## Material for this exercise
════════════════════

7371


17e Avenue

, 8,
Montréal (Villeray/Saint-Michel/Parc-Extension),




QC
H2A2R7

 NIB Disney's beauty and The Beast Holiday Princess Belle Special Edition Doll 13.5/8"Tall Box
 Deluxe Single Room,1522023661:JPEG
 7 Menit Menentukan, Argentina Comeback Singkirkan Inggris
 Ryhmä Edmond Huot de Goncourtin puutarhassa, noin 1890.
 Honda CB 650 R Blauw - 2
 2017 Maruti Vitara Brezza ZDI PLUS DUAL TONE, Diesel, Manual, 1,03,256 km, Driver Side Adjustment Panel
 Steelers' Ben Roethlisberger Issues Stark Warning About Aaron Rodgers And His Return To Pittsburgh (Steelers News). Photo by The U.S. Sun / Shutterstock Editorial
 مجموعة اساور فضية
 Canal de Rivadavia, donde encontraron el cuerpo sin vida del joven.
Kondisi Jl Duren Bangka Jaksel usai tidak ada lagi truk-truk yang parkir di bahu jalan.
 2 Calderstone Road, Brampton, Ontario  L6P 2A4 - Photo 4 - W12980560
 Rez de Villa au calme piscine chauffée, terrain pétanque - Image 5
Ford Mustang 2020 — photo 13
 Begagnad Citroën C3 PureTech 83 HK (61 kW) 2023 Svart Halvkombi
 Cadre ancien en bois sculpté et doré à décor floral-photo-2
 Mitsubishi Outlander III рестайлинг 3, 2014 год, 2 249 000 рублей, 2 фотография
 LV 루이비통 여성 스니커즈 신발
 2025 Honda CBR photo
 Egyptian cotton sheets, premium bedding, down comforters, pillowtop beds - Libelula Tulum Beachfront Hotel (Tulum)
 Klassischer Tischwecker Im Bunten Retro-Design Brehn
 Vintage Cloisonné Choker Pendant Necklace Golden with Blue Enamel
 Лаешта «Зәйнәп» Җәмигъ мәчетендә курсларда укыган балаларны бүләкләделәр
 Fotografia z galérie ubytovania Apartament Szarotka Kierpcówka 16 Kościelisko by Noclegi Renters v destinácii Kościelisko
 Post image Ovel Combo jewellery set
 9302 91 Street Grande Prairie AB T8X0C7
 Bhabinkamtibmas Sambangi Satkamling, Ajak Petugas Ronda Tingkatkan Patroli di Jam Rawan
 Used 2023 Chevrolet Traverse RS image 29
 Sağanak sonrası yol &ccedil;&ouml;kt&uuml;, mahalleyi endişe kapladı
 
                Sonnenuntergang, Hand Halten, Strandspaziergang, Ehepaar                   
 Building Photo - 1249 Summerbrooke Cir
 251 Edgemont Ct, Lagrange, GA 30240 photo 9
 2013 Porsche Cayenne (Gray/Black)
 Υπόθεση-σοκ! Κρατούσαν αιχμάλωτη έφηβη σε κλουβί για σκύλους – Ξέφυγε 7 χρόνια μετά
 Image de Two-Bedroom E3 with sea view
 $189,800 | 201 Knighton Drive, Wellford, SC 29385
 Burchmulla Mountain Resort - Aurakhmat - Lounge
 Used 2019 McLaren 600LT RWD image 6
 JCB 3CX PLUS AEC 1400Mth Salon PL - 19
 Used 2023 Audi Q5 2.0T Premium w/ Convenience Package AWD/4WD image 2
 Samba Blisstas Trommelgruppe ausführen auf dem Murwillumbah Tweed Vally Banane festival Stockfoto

════════════════════

## Work request
Your task is to retype all the records above with nothing left out.

## Result below
7371


17e Avenue

, 8,
Montréal (Villeray/Saint-Michel/Parc-Extension),




QC
H2A2R7

 NIB Disney's beauty and The Beast Holiday Princess Belle Special Edition Doll 13.5/8"Tall Box
 Deluxe Single Room,1522023661:JPEG
 7 Menit Menentukan, Argentina Comeback Singkirkan Inggris
 Ryhmä Edmond Huot de Goncourtin puutarhassa, noin 1890.
 Honda CB 650 R Blauw - 2
 2017 Maruti Vitara Brezza ZDI PLUS DUAL TONE, Diesel, Manual, 1,03,256 km, Driver Side Adjustment Panel
 Steelers' Ben Roethlisberger Issues Stark Warning About Aaron Rodgers And His Return To Pittsburgh (Steelers News). Photo by The U.S. Sun / Shutterstock Editorial
 مجموعة اساور فضية
 Canal de Rivadavia, donde encontraron el cuerpo sin vida del joven.
Kondisi Jl Duren Bangka Jaksel usai tidak ada lagi truk-truk yang parkir di bahu jalan.
 2 Calderstone Road, Brampton, Ontario  L6P 2A4 - Photo 4 - W12980560
 Rez de Villa au calme piscine chauffée, terrain pétanque - Image 5
Ford Mustang 2020 — photo 13
 Begagnad Citroën C3 PureTech 83 HK (61 kW) 2023 Svart Halvkombi
 Cadre ancien en bois sculpté et doré à décor floral-photo-2
 Mitsubishi Outlander III рестайлинг 3, 2014 год, 2 249 000 рублей, 2 фотография
 LV 루이비통 여성 스니커즈 신발
 2025 Honda CBR photo
 Egyptian cotton sheets, premium bedding, down comforters, pillowtop beds - Libelula Tulum Beachfront Hotel (Tulum)
 Klassischer Tischwecker Im Bunten Retro-Design Brehn
 Vintage Cloisonné Choker Pendant Necklace Golden with Blue Enamel
 Лаешта «Зәйнәп» Җәмигъ мәчетендә курсларда укыган балаларны бүләкләделәр
 Fotografia z galérie ubytovania Apartament Szarotka Kierpcówka 16 Kościelisko by Noclegi Renters v destinácii Kościelisko
 Post image Ovel Combo jewellery set
 9302 91 Street Grande Prairie AB T8X0C7
 Bhabinkamtibmas Sambangi Satkamling, Ajak Petugas Ronda Tingkatkan Patroli di Jam Rawan
 Used 2023 Chevrolet Traverse RS image 29
 Sağanak sonrası yol &ccedil;&ouml;kt&uuml;, mahalleyi endişe kapladı
 
                Sonnenuntergang, Hand Halten, Strandspaziergang, Ehepaar                   
 Building Photo - 1249 Summerbrooke Cir
 251 Edgemont Ct, Lagrange, GA 30240 photo 9
 2013 Porsche Cayenne (Gray/Black)
 Υπόθεση-σοκ! Κρατούσαν αιχμάλωτη έφηβη σε κλουβί για σκύλους – Ξέφυγε 7 χρόνια μετά
 Image de Two-Bedroom E3 with sea view
 $189,800 | 201 Knighton Drive, Wellford, SC 29385
 Burchmulla Mountain Resort - Aurakhmat - Lounge
 Used 2019 McLaren 600LT RWD image 6
 JCB 3CX PLUS AEC 1400Mth Salon PL - 19
 Used 2023 Audi Q5 2.0T Premium w/ Convenience Package AWD/4WD image 2
 Samba Blisstas Trommelgruppe ausführen auf dem Murwillumbah Tweed Vally Banane festival Stockfoto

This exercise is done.